Of Mona Hatoum’s mostly two-dimensional explorations of conflict, one piece verges on wonderful - ‘Turbulance (black)’ (2014). The work implies energy and potential but is also threatening; a horde of black marbles plucked out of the heads of Buddha statues, shimmering in the light, destabilising your sight and stability as you encounter it. It occurred to me, however, how extraordinary it would be if it were larger, you might then feel like it had the power to absorb the building. Hatoum’s newer work, ‘Orbital’ (2018) presented a structure in conflict with itself. Clumps of concrete are held together with rebar, pulling matter together and associating destruction and gravity, though its size and composition never quite meet its concept. A slightly unexpected addition to her collection is ‘Composition with Circles IV-VI’ (2018). Framed handmade paper with circles made of human hair sit politely in a trio on the wall, an inclusion I didn’t quite understand. I assume it served to represent the contrasting intimacy of her work but unfortunately it didn’t quite land in any meaningful way.
Phillip Lai had tough competition in this group but delivers something unique, if somewhat unrealised. Lai presents a group of new untitled sculptures that bring intrigue to modest materials. Piled basins and rubber mats are smeared with concrete and stuck together, pitched high on the gallery walls in a displacement of utility inherited from Duchamp. Lai describes these objects as images of ‘an absurd expenditure of labour’ invoking the ‘protracted processes of the artist.’ What materialises then, is a frustration of production. Alongside these, Lai presents his 2016 work, ‘Guest loves host in a way like no other’; a gleaming block of brushed aluminium, reminiscent of catering surfaces with two swan-like steely figures floating atop. It’s a particularly beautiful work intimating the glory in objects of utility, imbuing them with unnecessary beauty and a new motivation. This piece said it best.
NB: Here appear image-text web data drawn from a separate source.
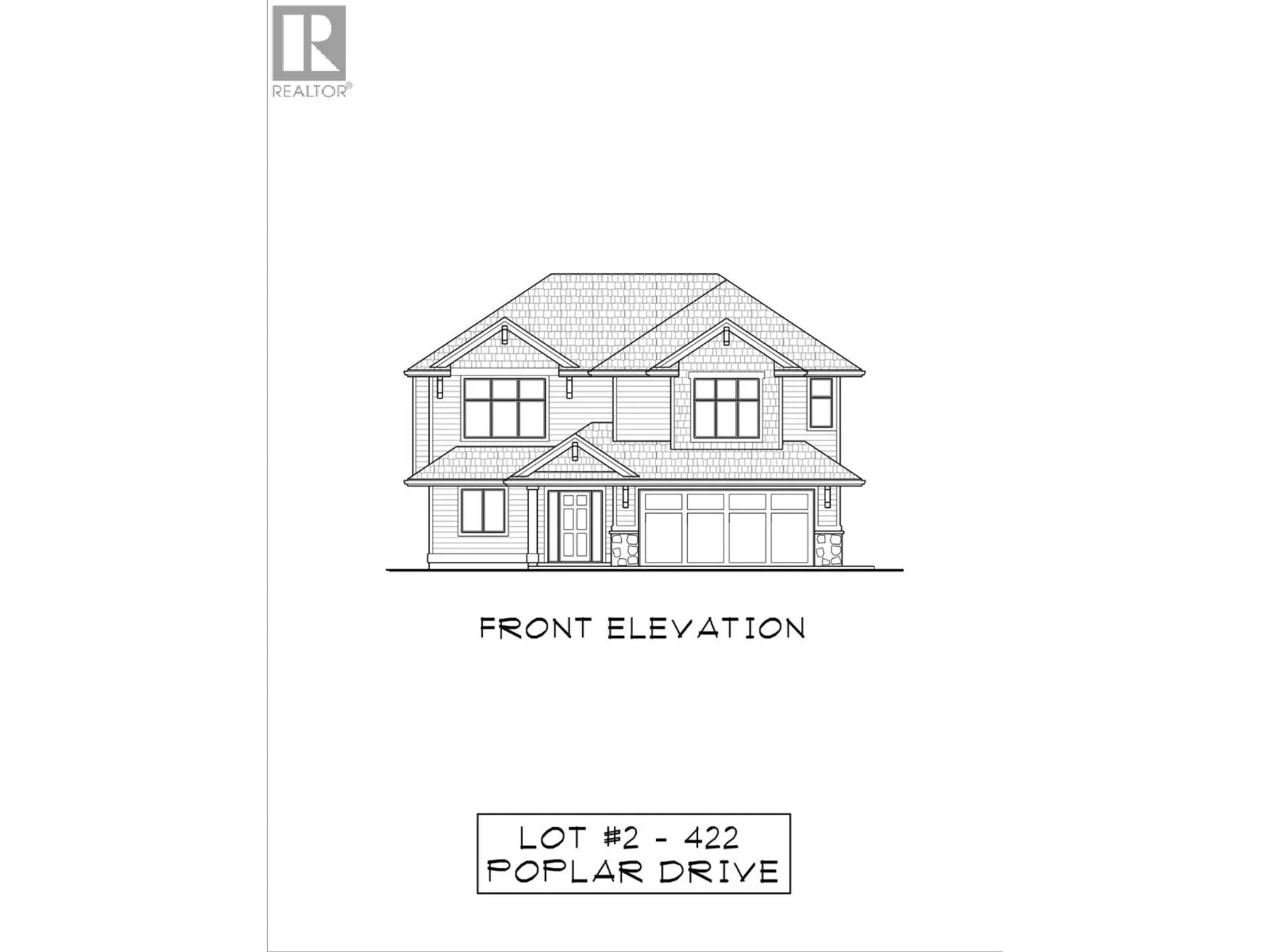 Property at 422 Poplar Drive Lot# 2, Logan Lake, BC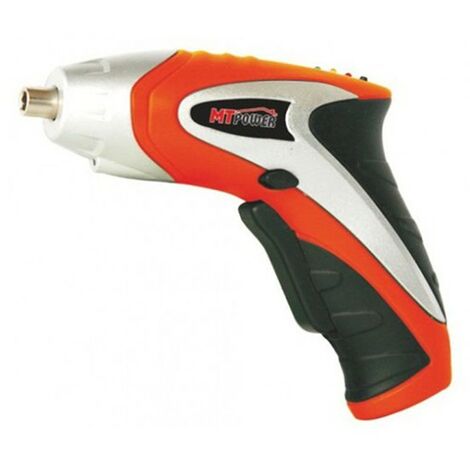 Atornillador 3,6V Bateria Li-ON | 1300mAh, carga en 4 horas | Bricolaje, carpinteria y trabajos de taller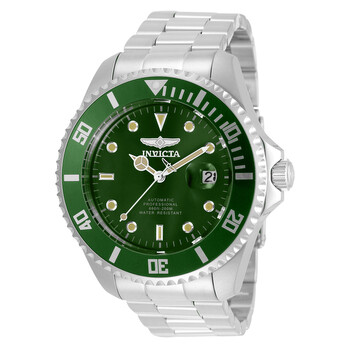 Pro Diver Automatic Green Dial Men's Watch 35719
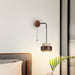 Stonova Travertine Wall Sconce - Simprolos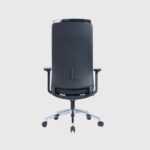 366A Ergonomic Executive Chair with Adjustable Lumbar Support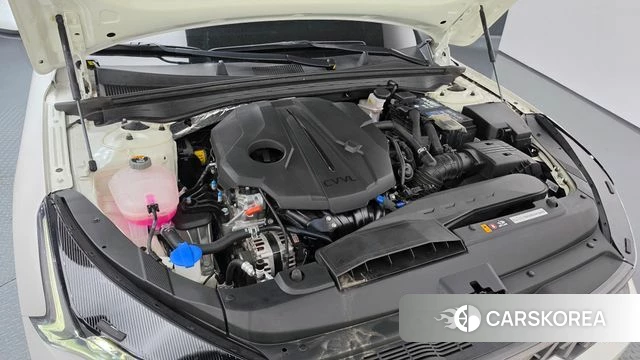 Kia K5 3rd generation id 4656302 из Кореи 28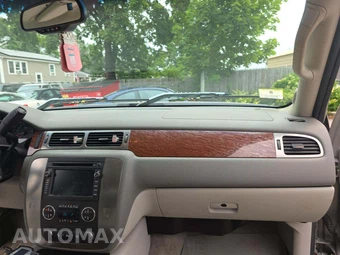 2007 GMC Sierra 1500 SLT Extended Cab Medium Bed 4SA w/Rear Doors – miniatura 19
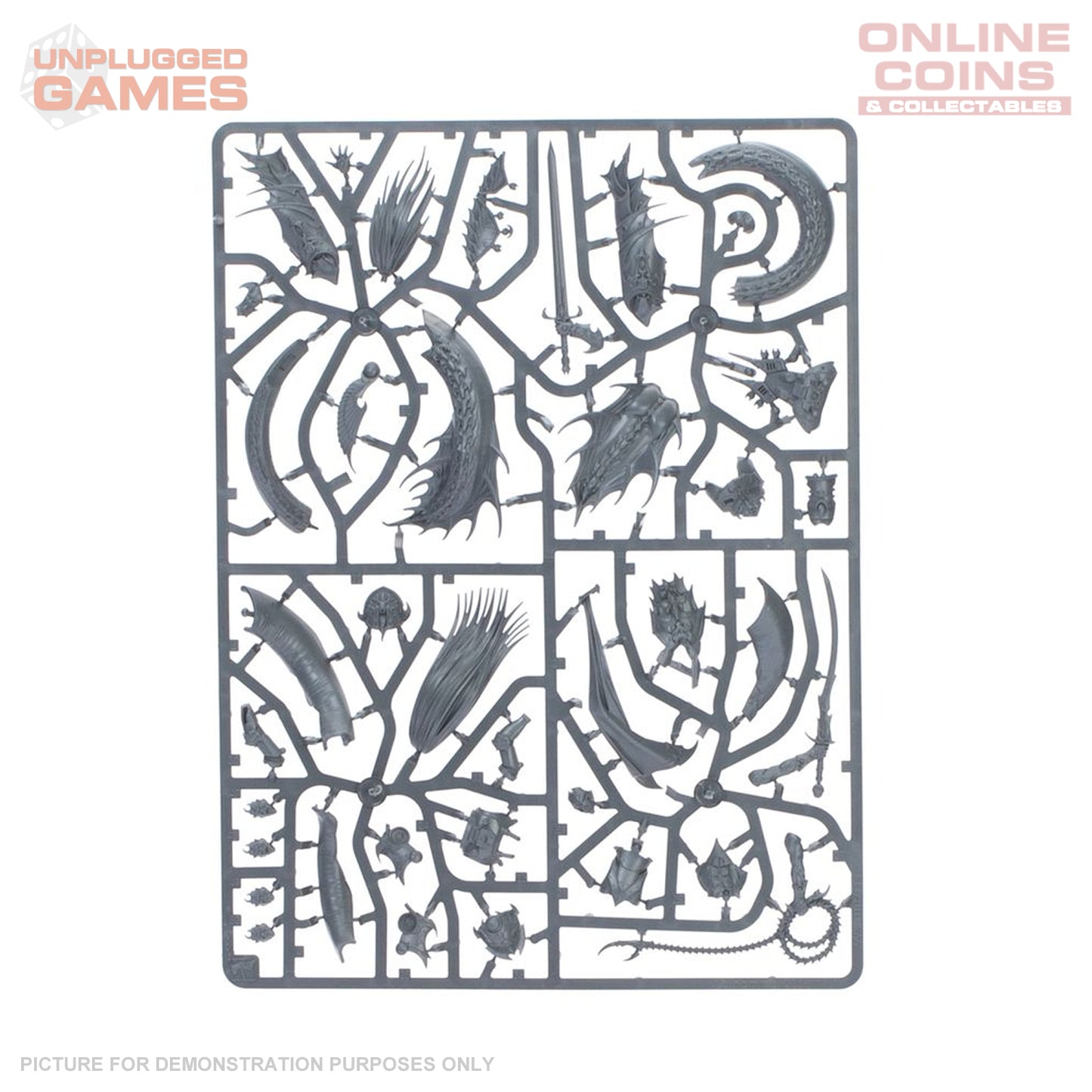 Warhammer 40,000 - Emperor's Children Blissbound Warband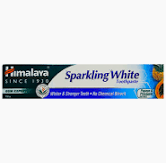 HIMALAYA SPARKLING WHITE 80G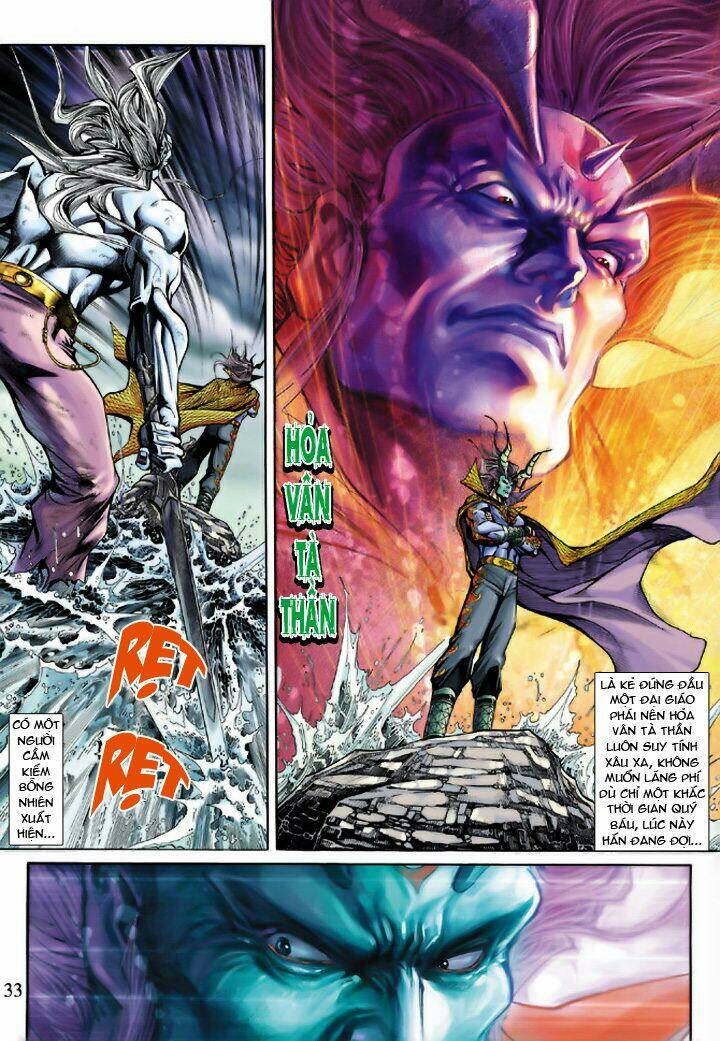 tân tác long hổ môn chapter 189 33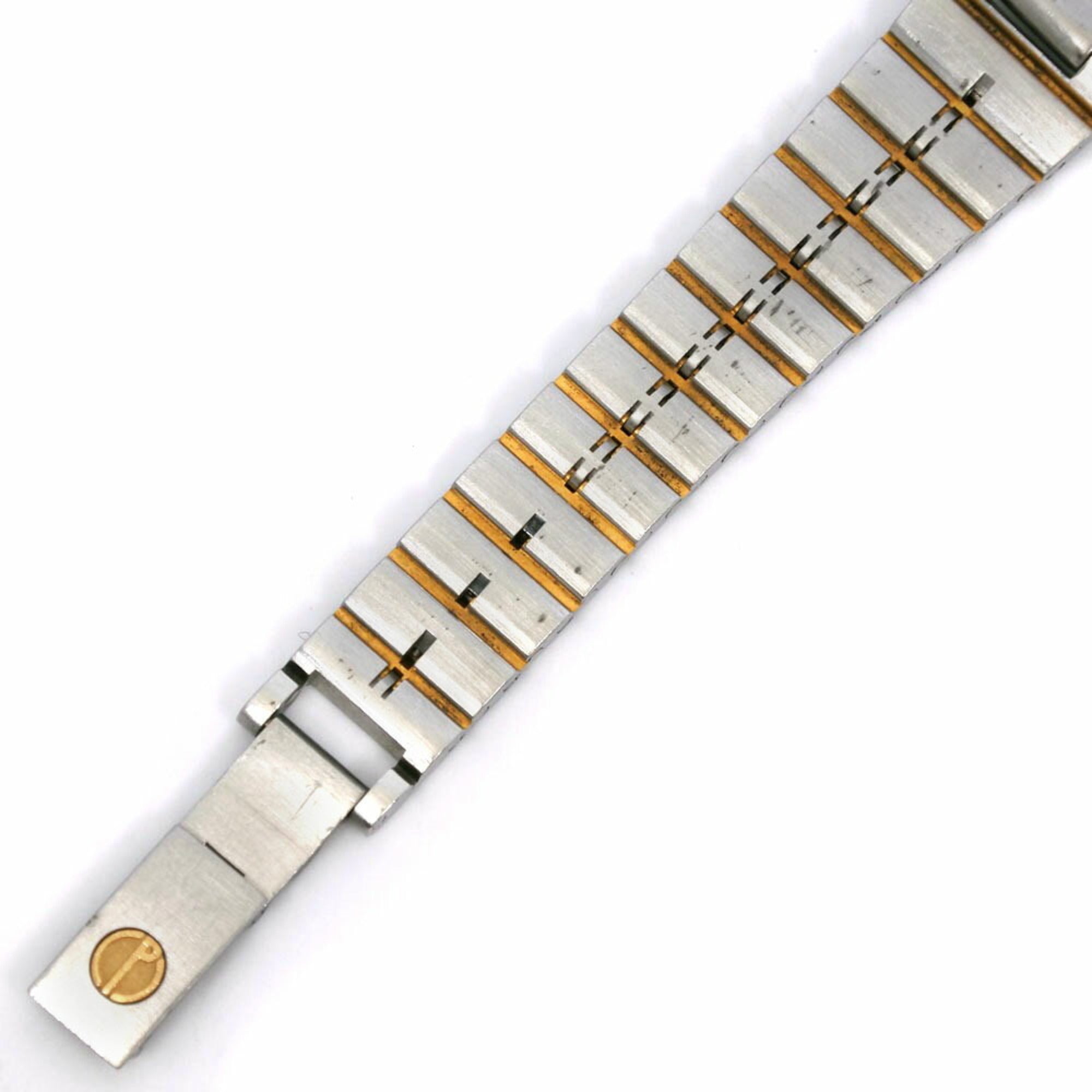Dunhill Millennium Watch, 12P Diamond, Stainless Steel, Quartz, Analog Display, Black Dial, Millennium, Women's, H170524624 — Good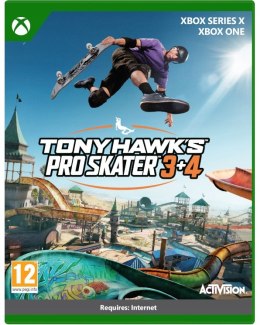Tony Hawk's Pro Skater 3 + 4 Xbox One/Xbox Series X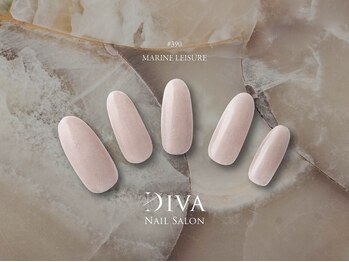 ネイルサロン ディーバ 梅田店(Diva)/夏のワンカラー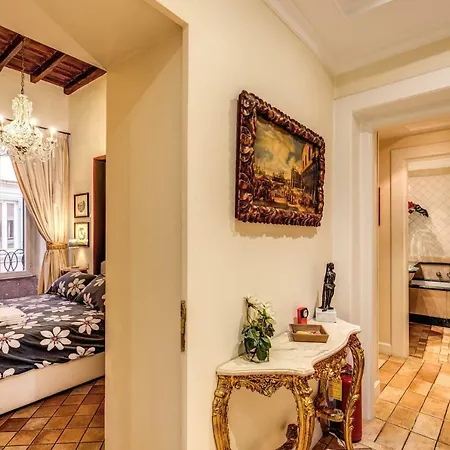 Sumptuous By Piazza Navona Appartamento *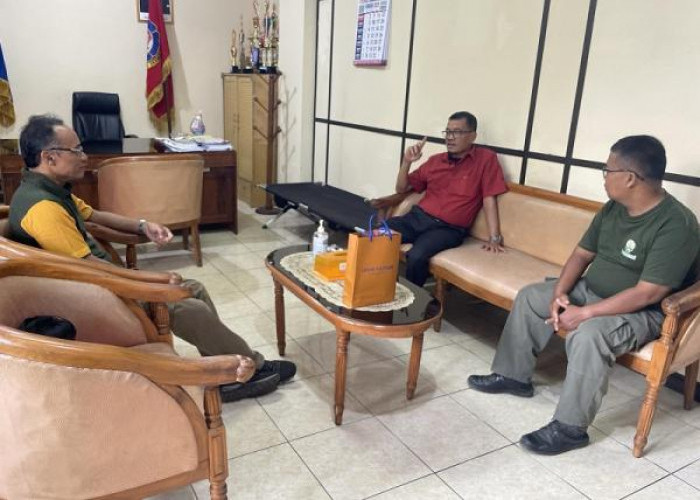 Antisipasi Karhutla Musim Kemarau, KPH Purwodadi Sinergi Bersama Damkar Grobogan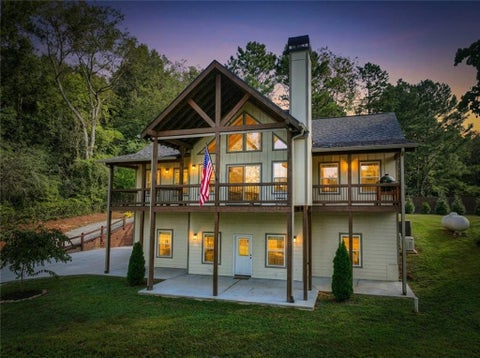 Homes For Sale - 236 Ivy Drive<br/> Ellijay, GA 30540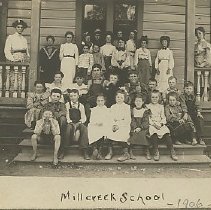 Mill Creek School Children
After the dynamic and rich work of Reus and Dean, I wondered where else there was to go, but being confronted with the submission by Cerith Wyn Evans proved the limits of sculpture could dissolve even further. ‘Composition for 37 flutes (in two parts)’ comprises two intersecting arcs of glass flutes suspended in the gallery space. It’s a structure both ethereal and hi-tech. Powered by two algorithmically motivated mechanical lungs, the piece looms above the viewer like alien angels (not quite how we imagined angels to be but undoubtedly them), swaying gently with each breath. The flutes are each individually pitched to perform his new composition in a recital that plays through the night, the knowledge of which makes you feel like you’re interrupting a moment of natural wonder, perhaps watching some strange creature sleep, or a glacier groan as it moves. The work seems less like a sculpture than an instrument of the future and literally echoes throughout the exhibition, declaring its title.